Missouri state law to help police solve cold cases

By Josh Harvison - bio | email

KENNETT, MO (KAIT) - Police agencies in the show-me-state have started training for a new DNA profiling system after a state law went into effect Friday. Under the legislation, police agencies are required to obtain DNA from suspects arrested and convicted of violent crimes. According to authorities, House Bill No. 152 will help prosecutors and police agencies solve cold cases or find new suspects where information is difficult to obtain.

"They would be required to submit a DNA sample. Basically in doing that, they take a buckle swab, which is a small rough cue tip, and they rub it in their cheek on the inside and take a sample," said Steven Sokoloff, Dunklin County Prosecuting Attorney.

Sokoloff told Region 8 News Friday the law will help police find new leads. He gave the following example, which involved a robbery in the city of Kennett.

"The original submission of the mask was not for DNA, but rather for hair samples that the officers said they observed. It turned out they were just loose threads, but when the lab personnel looked at the thing and examined it, they determined that they thought there were some potential samples there. Not only did it match up with our suspect on the robbery case, but it also came up with a cold hit from the city of St. Louis on a commercial burglary where they had recovered some skin cells off of a rock that had been thrown through a business window," said Sokoloff.

Sokoloff said the new law changes and expands the list of offenses in which DNA samples can be obtained.

"We've had a couple of cases that have produced cold hits from CODIS. Obviously that indicates it's of some value," said Sokoloff.

Law enforcement agencies in southeast Missouri will undergo training in early September. The Missouri State Highway Patrol Lab will train officers how to search for and handle DNA evidence.

"What we're working on now is training law enforcement to be looking for possible sources of DNA samples at crime scenes where they didn't' beforehand," said Sokoloff.

Sokoloff said the Missouri Prosecutor's Association supported the bill when it was going through both houses of the Missouri legislature.

Sokoloff said when DNA is obtained from an individual not convicted of the offense, and then the data is destroyed along with other medical waste.

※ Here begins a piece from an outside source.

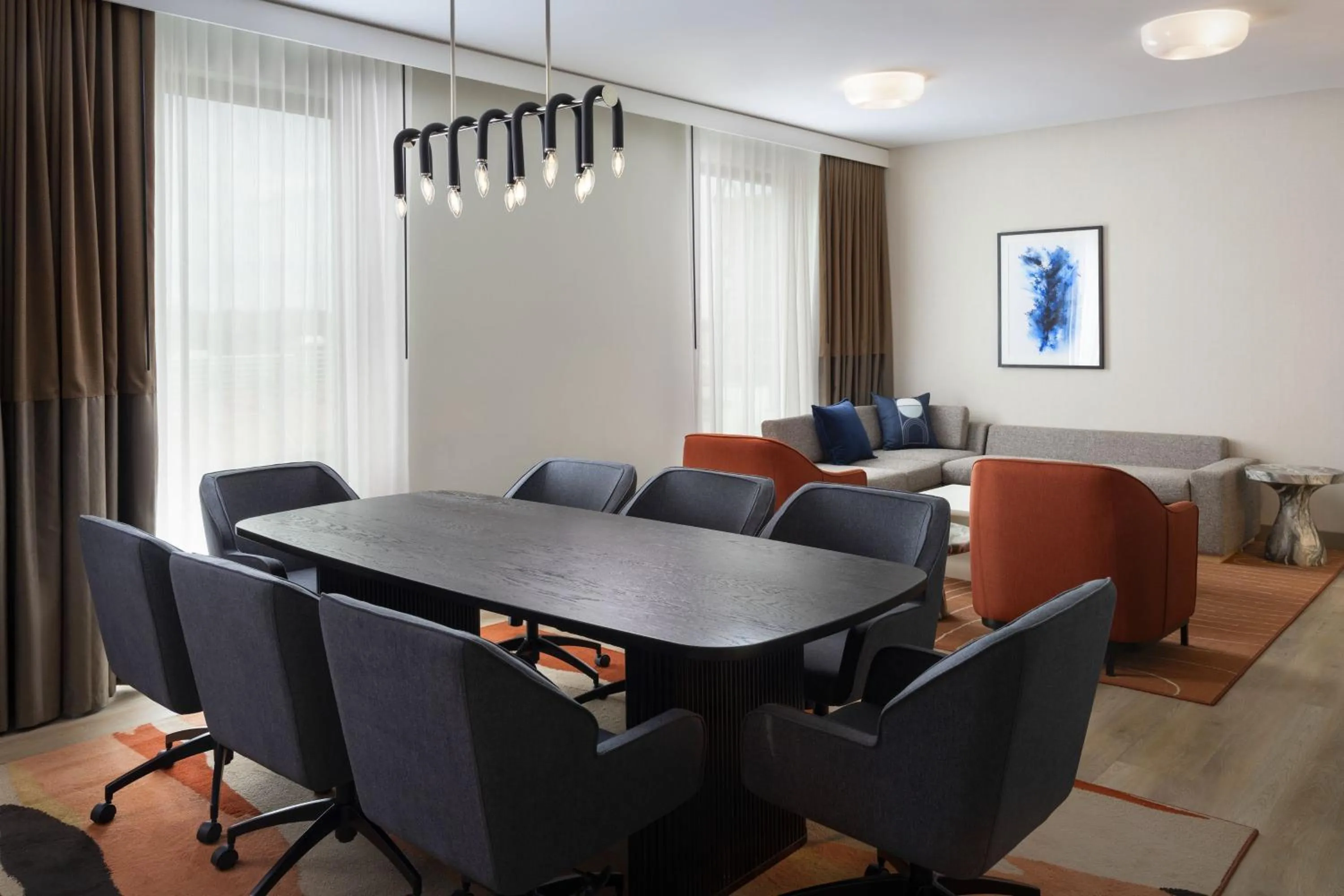 Photo of the whole room in Cascade Hotel, Kansas City, a Tribute Portfolio Hotel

"It's a tremendously useful tool. I think it's of great benefit because the nice thing about DNA evidence is that it's not going to give you an error," said Sokoloff. "One of the things that this stuff does do is, it creates an expectation on the part of the jury pool that you're going to have DNA available all the time. Sometimes it's just not available. There's just nothing there that's going to produce it."